Data shown Start Marker

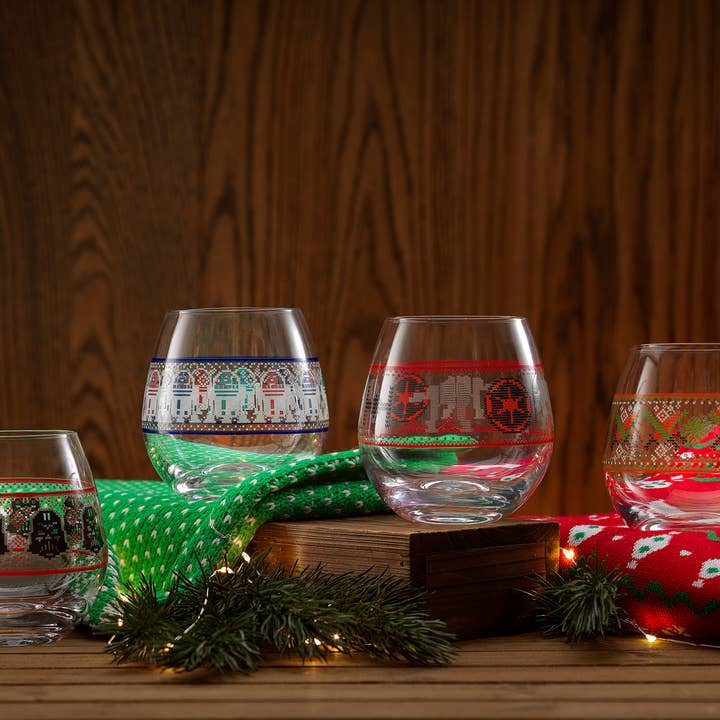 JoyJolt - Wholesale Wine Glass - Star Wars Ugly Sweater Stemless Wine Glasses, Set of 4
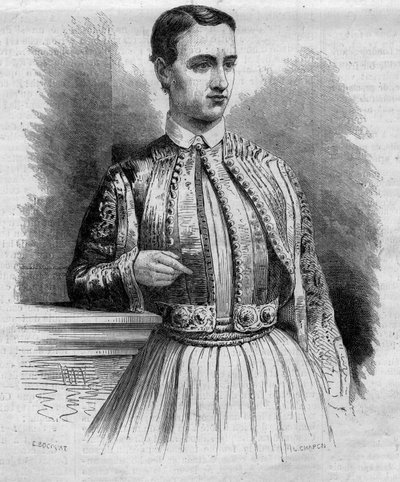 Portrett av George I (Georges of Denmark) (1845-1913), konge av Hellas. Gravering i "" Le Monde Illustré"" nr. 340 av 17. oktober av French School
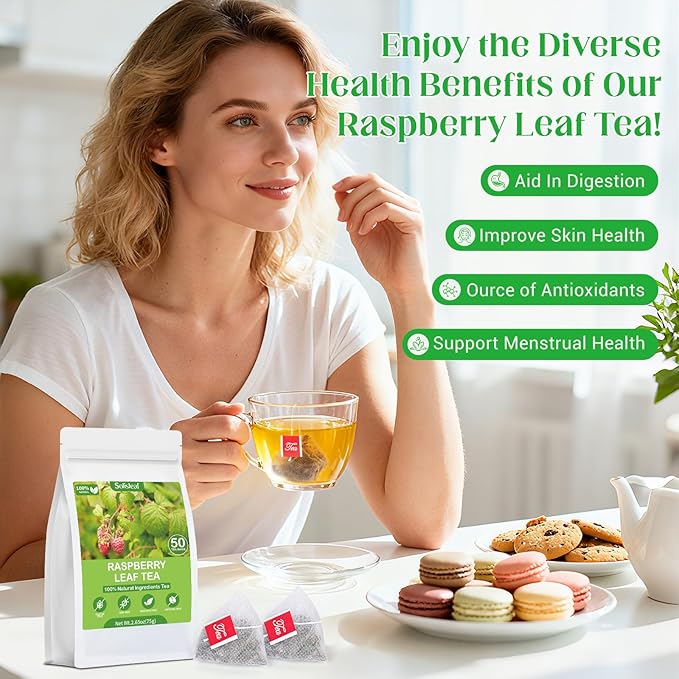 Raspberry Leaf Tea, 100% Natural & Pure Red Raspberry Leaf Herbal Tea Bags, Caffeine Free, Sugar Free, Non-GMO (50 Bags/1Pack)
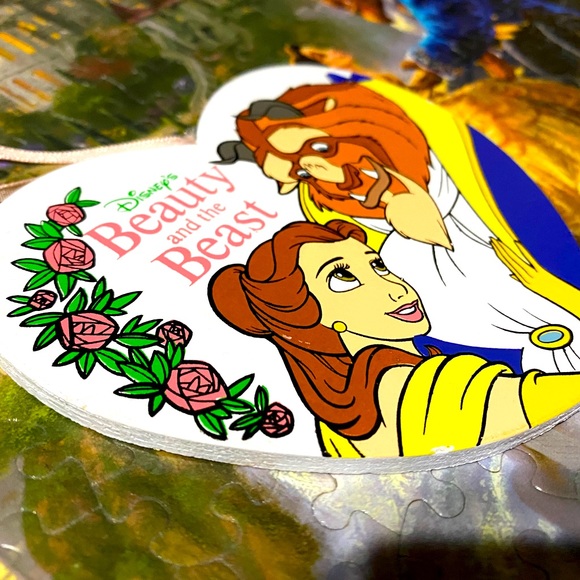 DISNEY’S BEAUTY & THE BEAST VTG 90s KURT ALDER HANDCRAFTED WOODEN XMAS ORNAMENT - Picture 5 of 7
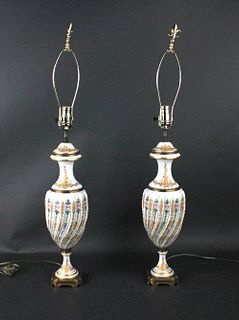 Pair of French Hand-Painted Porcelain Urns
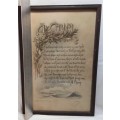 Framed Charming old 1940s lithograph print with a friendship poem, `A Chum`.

Data shown End Marker
Data shown Start Marker

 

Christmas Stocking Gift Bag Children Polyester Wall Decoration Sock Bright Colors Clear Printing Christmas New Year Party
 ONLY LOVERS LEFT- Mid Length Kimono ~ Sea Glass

Data shown End Marker
Data shown Start Marker

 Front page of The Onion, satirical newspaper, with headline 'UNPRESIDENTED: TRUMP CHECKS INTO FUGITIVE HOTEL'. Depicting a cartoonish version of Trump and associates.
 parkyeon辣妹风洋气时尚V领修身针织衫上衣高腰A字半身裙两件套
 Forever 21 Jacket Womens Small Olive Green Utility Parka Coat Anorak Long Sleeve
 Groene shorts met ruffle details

Data shown End Marker

- What you have to do -
The data above holds the lines to copy: start at the one with "Raspberry Leaf Tea, 100%", stop at the one with "Framed Charming old", include both, copy them exactly without pictures, and copy nothing else.

- Reply to the exercise -
 Raspberry Leaf Tea, 100% Natural & Pure Red Raspberry Leaf Herbal Tea Bags, Caffeine Free, Sugar Free, Non-GMO (50 Bags/1Pack)
 DISNEY’S BEAUTY & THE BEAST VTG 90s KURT ALDER HANDCRAFTED WOODEN XMAS ORNAMENT - Picture 5 of 7
 Pair of French Hand-Painted Porcelain Urns
 Framed Charming old 1940s lithograph print with a friendship poem, `A Chum`.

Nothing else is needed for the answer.